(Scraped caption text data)
◆ ◆ ◆ ◆ ◆ ◆ ◆
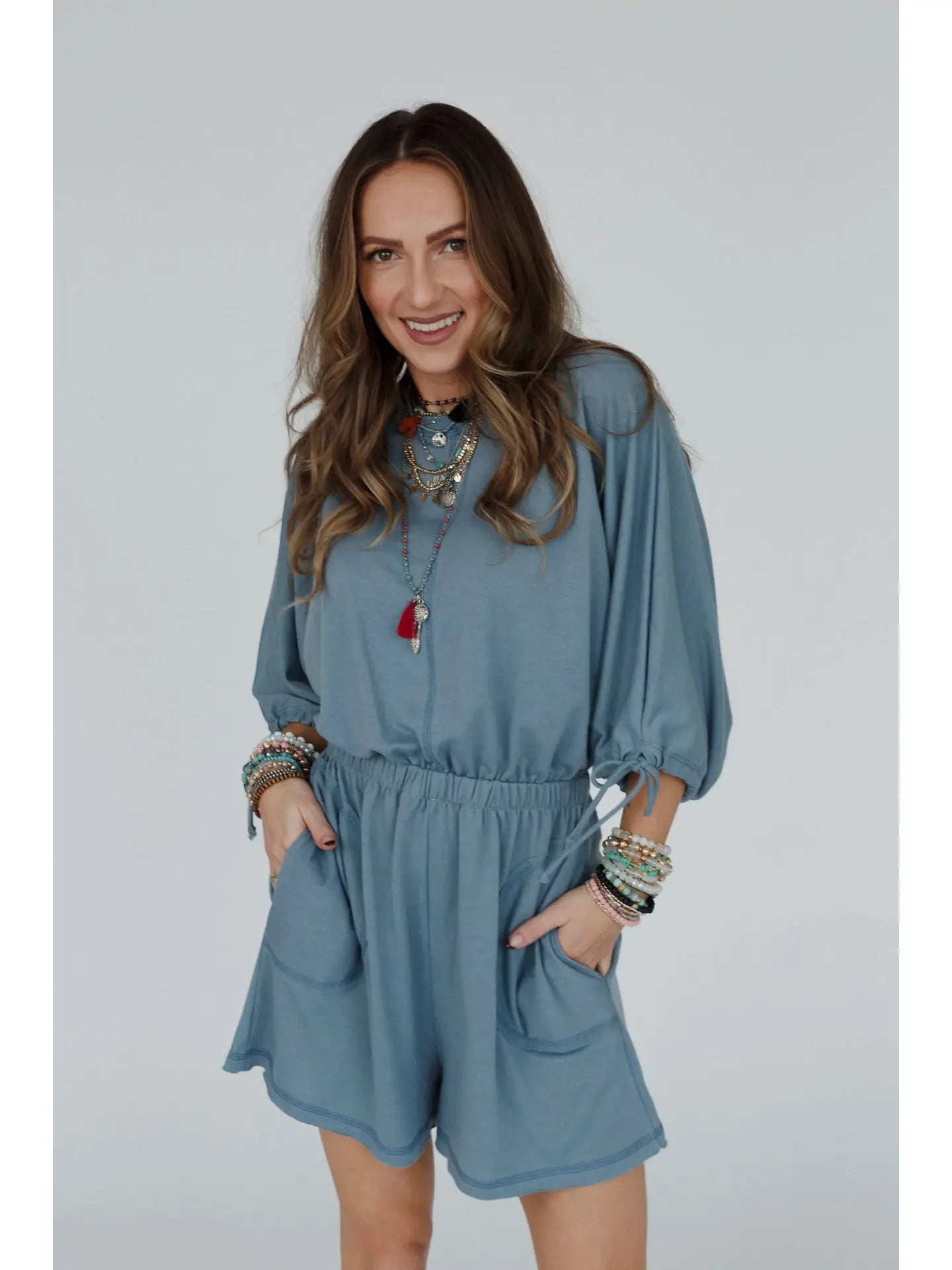 Carolina Romper in Gun Metal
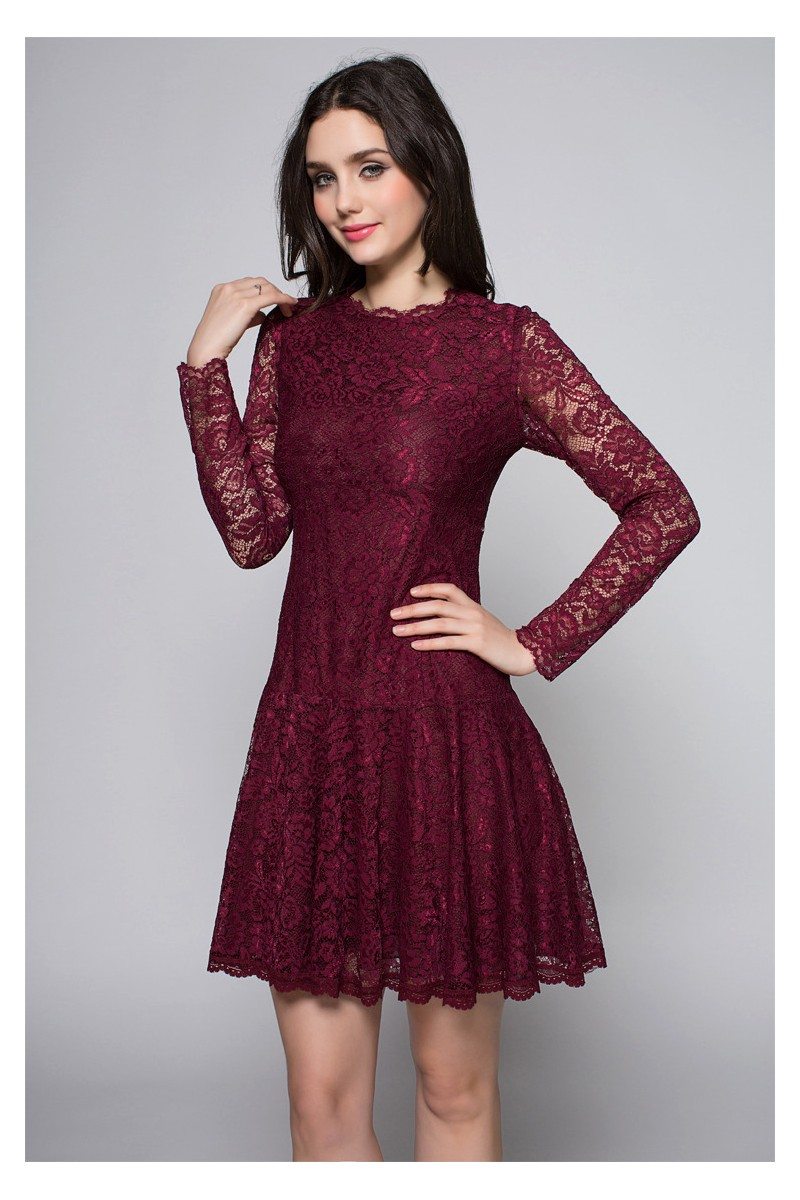 Burgundy Long Sleeve Lace Party Dress - $68.62 #DK254 - SheProm.com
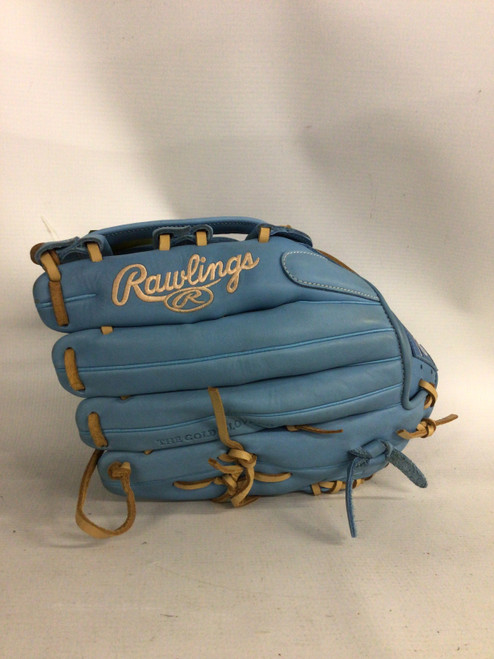 Vist Large View of Product Image Which is Used Rawlings 12 3/4 BB/SB Glove RH Throw Carolina Blue 12 3/4"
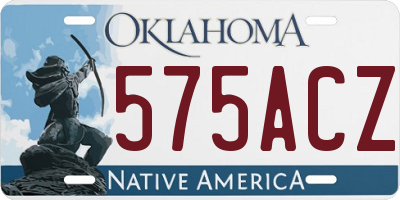 OK license plate 575ACZ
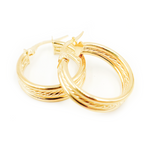 Load image into Gallery viewer, 15850017958. 14K Solid Gold Smooth and Textured Triple Line Hollow Hoop Earrings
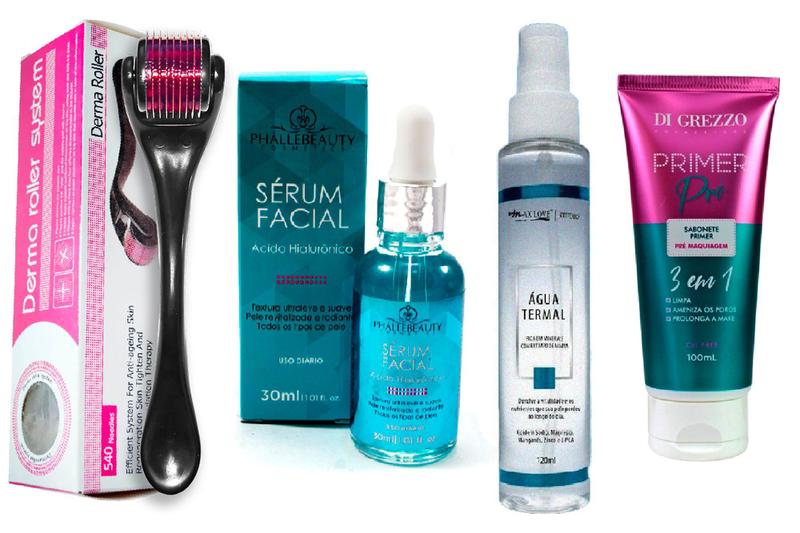Kit Microagulhamento: Dermaroller + Sérum Hialurônico + Agua Termal + Sabonete Facial Menor preço em Kit Microagulhamento: Dermaroller + Sérum Hialurônico + Agua Termal + Sabonete Facial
◆ ◆ ◆ ◆ ◆ ◆ ◆
-- GOAL OF THE EXERCISE --
Exactly the lines from the one containing "OK license plate 575ACZ" through the end of the data above: repeat those, both ends included, and nothing else. Skip the pictures.

-- SOLUTION BELOW --
 OK license plate 575ACZ
 Load image into Gallery viewer, 15850017958. 14K Solid Gold Smooth and Textured Triple Line Hollow Hoop Earrings
Kit Microagulhamento: Dermaroller + Sérum Hialurônico + Agua Termal + Sabonete Facial Menor preço em Kit Microagulhamento: Dermaroller + Sérum Hialurônico + Agua Termal + Sabonete Facial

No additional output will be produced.